Mit geschrumpften Formaten zu kleinen Preisen suchen Verlage wie Prestel und Taschen eine Antwort auf die Kunstbuch-Krise.

          Der teure Prachtband zur Kunst habe ausgedient. Das klassische Kunstbuch könne nur noch mit sehr großen Risiken produziert werden, klagte es schon vor längerer Zeit aus den Verlagen. Mit einer weiteren Anstrengung versuchen einige von ihnen das Problem erneut zu lösen. Sie schrumpfen das Format und senken die Preise.

          Mit neuen Paperback-Reihen grasen der Münchner Prestel-Verlag, der Phaidon-Verlag in London und der Kölner Billigbuch-Spezialist Benedikt Taschen diverse Kunstgebiete ab. Design und Erotik, Fotografie und Malerei - Hauptsache, das Sujet ist populär genug. Die Rezeptur, sie scheint überall gleich: handlich, reich illustriert und mit Preisen zwischen 10 und 20 Mark sogar für Studierende erschwinglich. Das einheitliche Outfit soll sich gut im Regal machen und das Serienlogo die Wiedererkennbarkeit ermöglichen.

          Pocketausgaben zu „Pegasus“-Bestsellern

          Auf das geflügelte Musenross setzt Prestel: Die Bände der „Pegasus“-Reihe gab es jahrelang ausschließlich in Hardcover gehüllt. Seit Herbst 2000 nun werden besonders beliebte Ausgaben auch als Paperback produziert und für 19,80 Mark angeboten. Die preisgünstige Variante solle ein Publikum ansprechen, das sich vor allem für den Inhalt interessiert, heißt es bei Prestel. Dagegen würden die schmucken „Pegasus“-Bücher mit festem Einband zu einem Preis von 39,80 Mark eher von Sammlern oder als Geschenkbücher gekauft.

          Die Rechnung des Münchner Verlages geht auf - auch die Taschenbücher der Reihe sind eingeschlagen. Die gute Resonanz erklärt sich durch die Auswahl von bewährten Namen, die in klangvolle Zusammenhänge gebracht werden: „Paul Klee - Malerei und Musik“ oder „Gustav Klimt - Maler der Frauen“. Auch Künstlerpaare kommen gut, sei es „Auguste Rodin und Camille Claudel“ oder „Wassily Kandinsky und Gabriele Münter“. Ein gelungenes Beispiel dieser Art bietet auch die im Frühjahr erschienene Taschenbuchausgabe von „Frida Kahlo und Diego Rivera“.

          Große Fotografen bei „Phaidon 55s“

          Weniger beziehungsreich, eher enzyklopädisch denkt Phaidon seine Taschenbuchreihe, die das seit Jahren angesagte Thema „Fotografie“ besetzt. Jeder der kleinen, fast quadratischen „55“-Bände will mit eben genau 55 Bildbeispielen und einem konzentrierten Textbeitrag in Leben und Werk eines großen Fotografen einführen - von Eugène Atget bis Nan Goldin. Das Programm startet der Londoner Verlag mit neuer Dependance in Berlin am 25. Juni 2001. Dann kommen die ersten 20 Bücher der Reihe auf den Markt, weitere sollen im Laufe der nächsten Monate und Jahre folgen. Bis die Bibliothek komplett ist. Mit nur 14,80 Mark pro Stück ist der Fotofreund dabei.

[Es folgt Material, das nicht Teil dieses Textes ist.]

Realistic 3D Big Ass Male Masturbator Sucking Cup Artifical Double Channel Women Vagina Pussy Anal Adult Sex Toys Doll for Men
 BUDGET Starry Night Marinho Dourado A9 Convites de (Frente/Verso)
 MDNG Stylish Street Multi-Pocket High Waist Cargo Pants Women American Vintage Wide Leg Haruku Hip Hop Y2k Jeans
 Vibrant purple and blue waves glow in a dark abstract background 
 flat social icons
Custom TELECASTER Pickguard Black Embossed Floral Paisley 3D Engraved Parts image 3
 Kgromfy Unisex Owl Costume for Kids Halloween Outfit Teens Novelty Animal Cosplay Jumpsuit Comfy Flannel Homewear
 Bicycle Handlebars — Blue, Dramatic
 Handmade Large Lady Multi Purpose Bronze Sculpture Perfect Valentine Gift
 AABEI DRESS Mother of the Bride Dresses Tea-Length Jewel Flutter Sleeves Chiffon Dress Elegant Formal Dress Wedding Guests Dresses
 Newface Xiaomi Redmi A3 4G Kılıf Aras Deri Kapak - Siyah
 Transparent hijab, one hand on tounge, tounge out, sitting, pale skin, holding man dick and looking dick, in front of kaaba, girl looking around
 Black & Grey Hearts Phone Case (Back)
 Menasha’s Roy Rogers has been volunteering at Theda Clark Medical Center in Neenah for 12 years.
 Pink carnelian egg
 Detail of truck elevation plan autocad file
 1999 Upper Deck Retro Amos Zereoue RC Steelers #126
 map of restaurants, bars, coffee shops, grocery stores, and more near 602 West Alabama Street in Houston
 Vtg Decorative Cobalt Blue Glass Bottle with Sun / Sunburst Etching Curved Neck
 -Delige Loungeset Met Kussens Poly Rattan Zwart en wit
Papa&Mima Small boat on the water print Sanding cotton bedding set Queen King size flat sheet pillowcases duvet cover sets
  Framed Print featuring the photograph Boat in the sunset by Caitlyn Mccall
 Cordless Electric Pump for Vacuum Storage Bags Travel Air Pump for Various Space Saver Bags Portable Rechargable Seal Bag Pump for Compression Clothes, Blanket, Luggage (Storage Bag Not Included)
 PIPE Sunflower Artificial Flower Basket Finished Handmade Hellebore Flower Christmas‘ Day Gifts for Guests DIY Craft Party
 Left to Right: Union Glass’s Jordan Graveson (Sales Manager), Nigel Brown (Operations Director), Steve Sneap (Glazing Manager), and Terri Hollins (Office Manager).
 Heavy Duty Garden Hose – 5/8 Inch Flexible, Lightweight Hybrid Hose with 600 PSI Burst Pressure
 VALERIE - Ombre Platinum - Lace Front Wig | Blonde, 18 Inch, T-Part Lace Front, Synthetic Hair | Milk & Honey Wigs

          Taschen-“Icons“ zu älteren Erfolgstiteln

          Noch billiger kann es Benedikt Taschen. In seinen „Icons“ für nur 9,95 Mark streicht der Kölner Verlag ohne viel Mühe Inhalte älterer Erfolgstitel auf 192 Seiten zusammen und verpackt das ganze in schrille Umschläge. Das Querbeet-Angebot bietet „Stuhldesign“ neben „Karl Blossfeldt“ und einer „Encyclopaedia Anatomica“. Bereits im Januar sind die ersten „Icons“ in die Buchläden gewandert, und bis Dezember 2001 sollen 48 Bände dort stehen. Auch der ein oder andere Renner aus dem von Taschen so ausgiebig gepflegten Erotik-Sortiment ist dabei: „Pin-Ups“, „Male Nudes“ oder auch „Erotica 1801 bis 1900“. Gegen diese Zweitverwertung von Verlagsbestsellern zu Supermarktpreisen wird die Konkurrenz sich nur mit interessanten und neuen Inhalten zur Wehr setzen können.